** Opening THE RECORDS block **
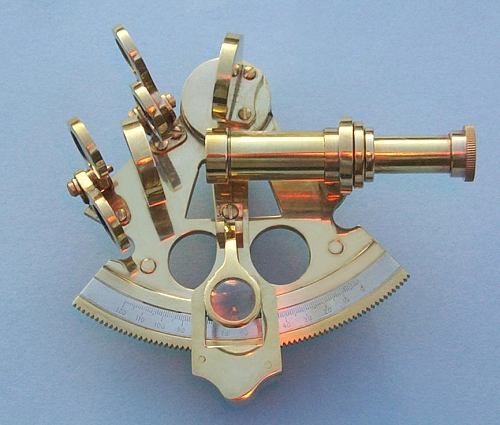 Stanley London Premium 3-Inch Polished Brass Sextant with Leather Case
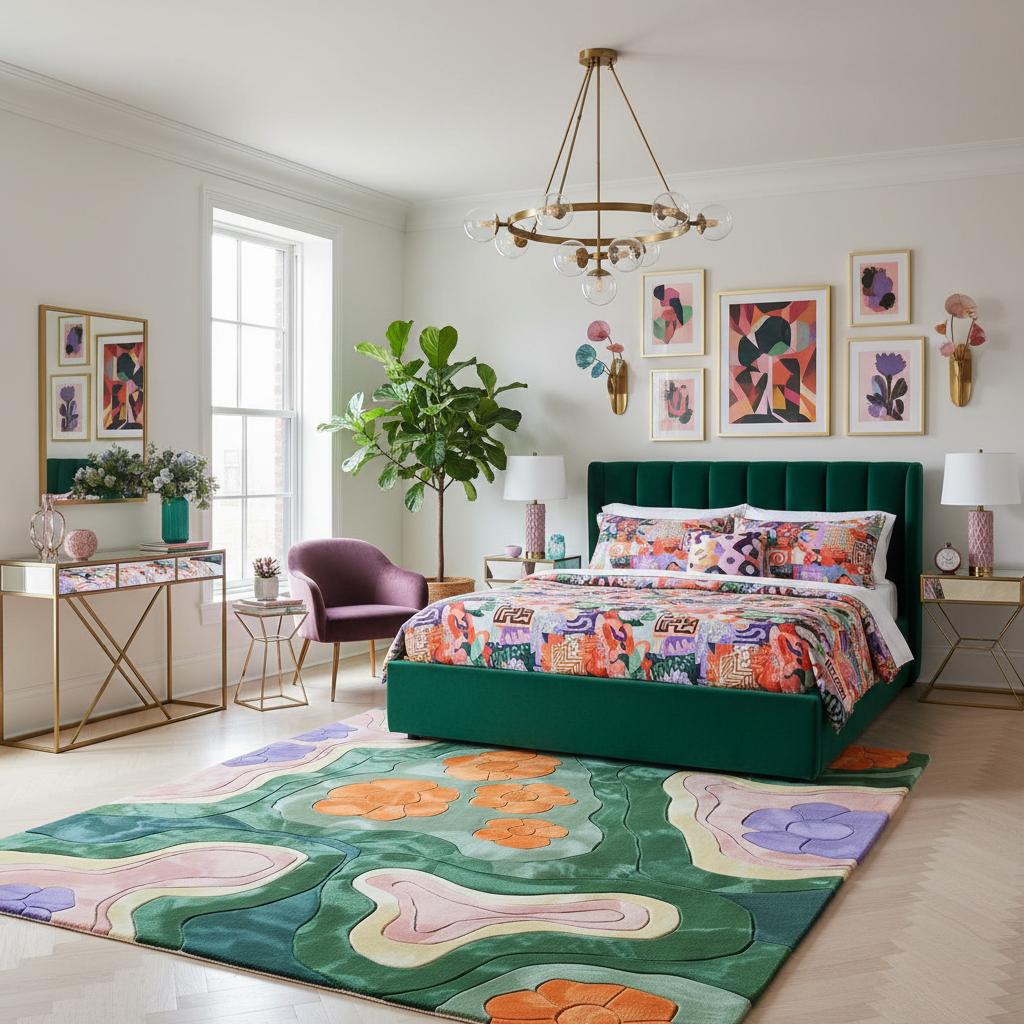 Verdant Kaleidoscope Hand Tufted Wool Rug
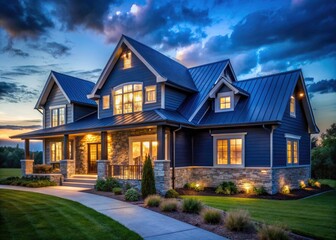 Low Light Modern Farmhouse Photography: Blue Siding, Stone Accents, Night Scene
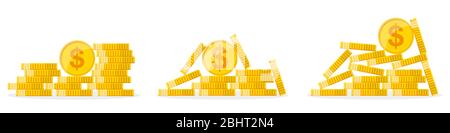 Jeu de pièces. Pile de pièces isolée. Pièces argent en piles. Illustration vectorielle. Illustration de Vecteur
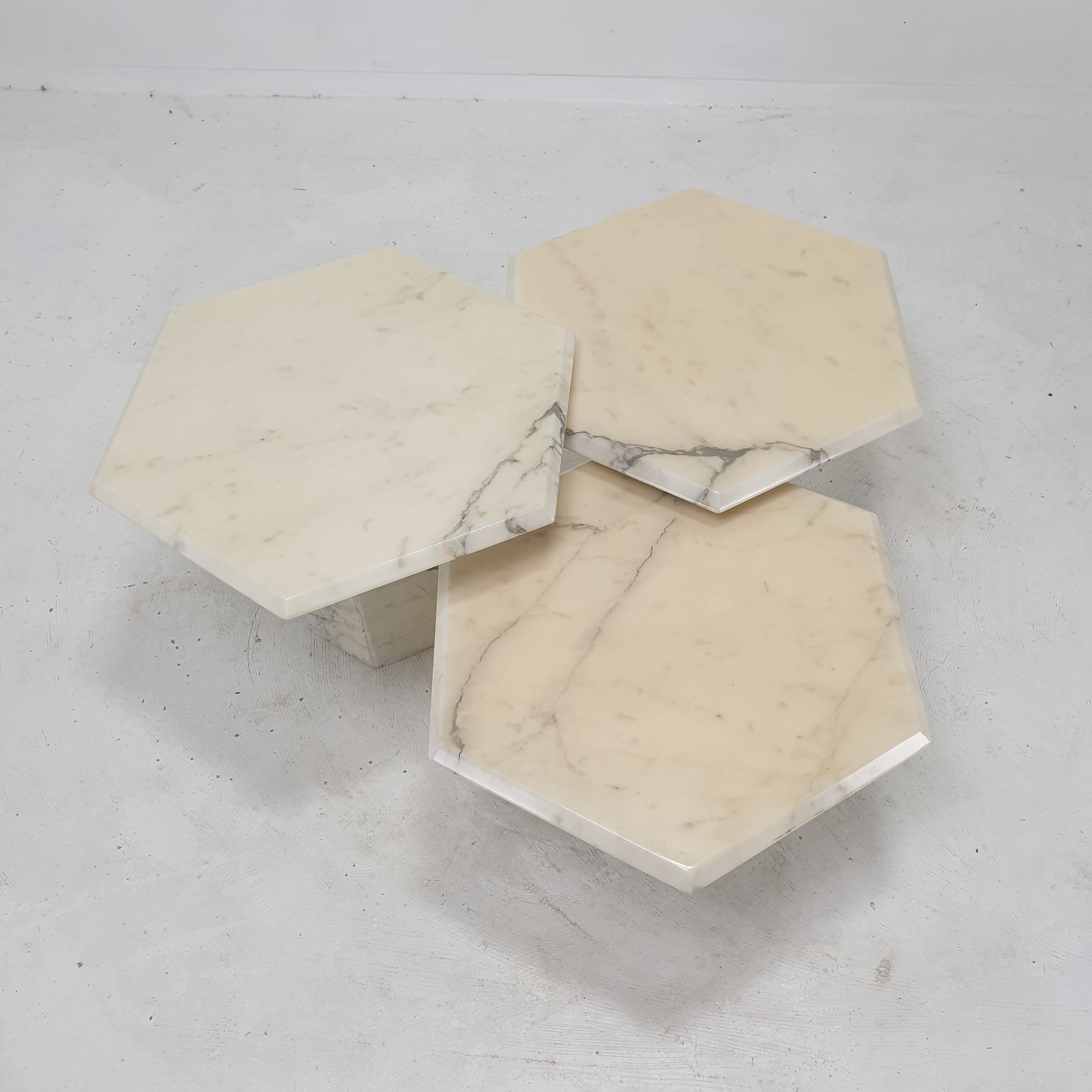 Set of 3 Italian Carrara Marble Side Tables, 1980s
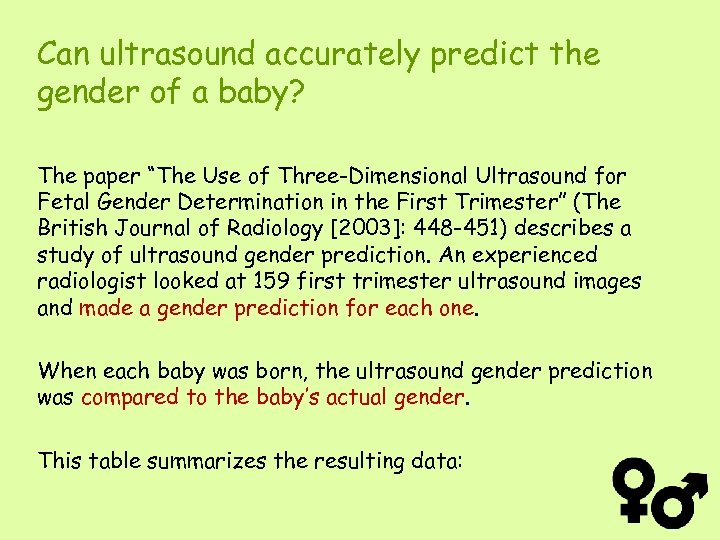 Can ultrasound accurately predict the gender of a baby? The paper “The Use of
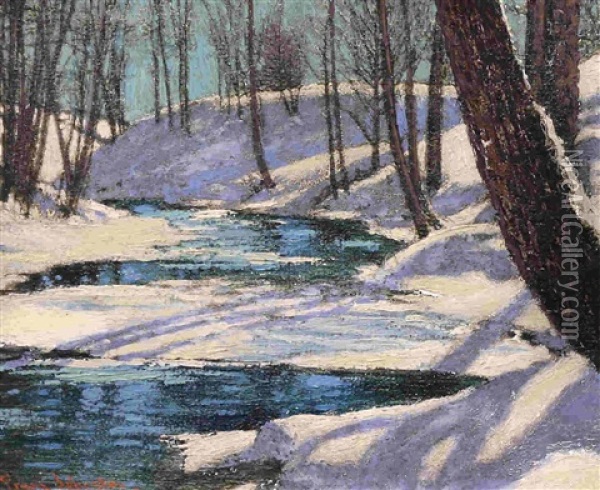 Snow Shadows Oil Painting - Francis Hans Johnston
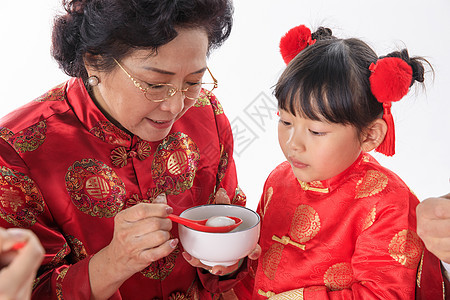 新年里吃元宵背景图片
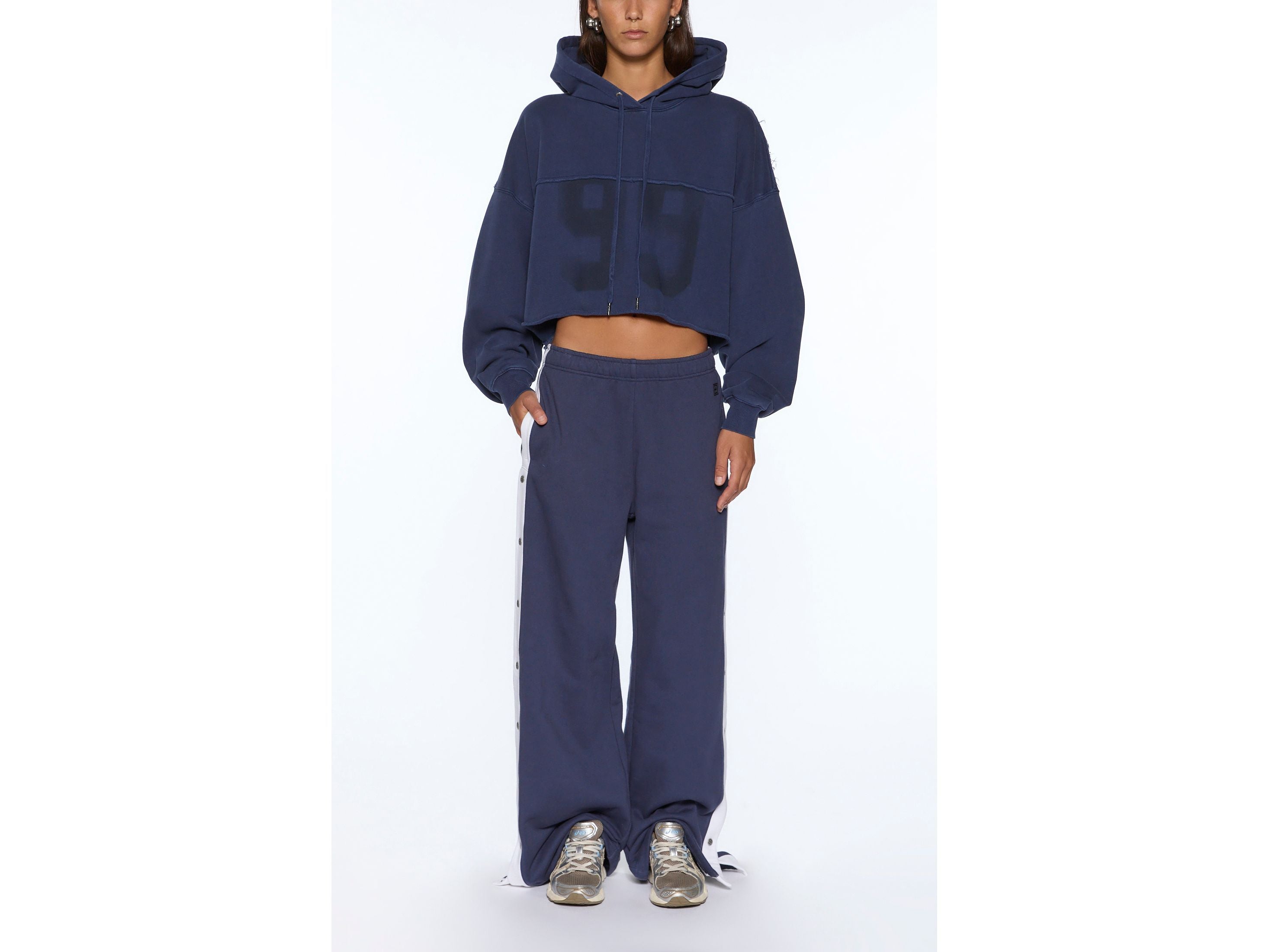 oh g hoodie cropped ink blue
** Closing THE RECORDS block **
** Opening THE RECORDS block **
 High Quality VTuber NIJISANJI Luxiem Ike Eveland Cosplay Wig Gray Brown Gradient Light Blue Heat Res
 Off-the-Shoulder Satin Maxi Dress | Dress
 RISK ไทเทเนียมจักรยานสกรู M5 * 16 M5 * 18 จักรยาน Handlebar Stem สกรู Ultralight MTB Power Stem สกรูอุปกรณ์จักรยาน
** Closing THE RECORDS block **
* [WHAT YOU NEED TO DO]:
Among the records above, repeat exactly the line with "High Quality VTuber", the line with "RISK ไทเทเนียมจักรยานสกรู M5", and every line in between, and only those.

* [COMPLETED EXERCISE]:
 High Quality VTuber NIJISANJI Luxiem Ike Eveland Cosplay Wig Gray Brown Gradient Light Blue Heat Res
 Off-the-Shoulder Satin Maxi Dress | Dress
 RISK ไทเทเนียมจักรยานสกรู M5 * 16 M5 * 18 จักรยาน Handlebar Stem สกรู Ultralight MTB Power Stem สกรูอุปกรณ์จักรยาน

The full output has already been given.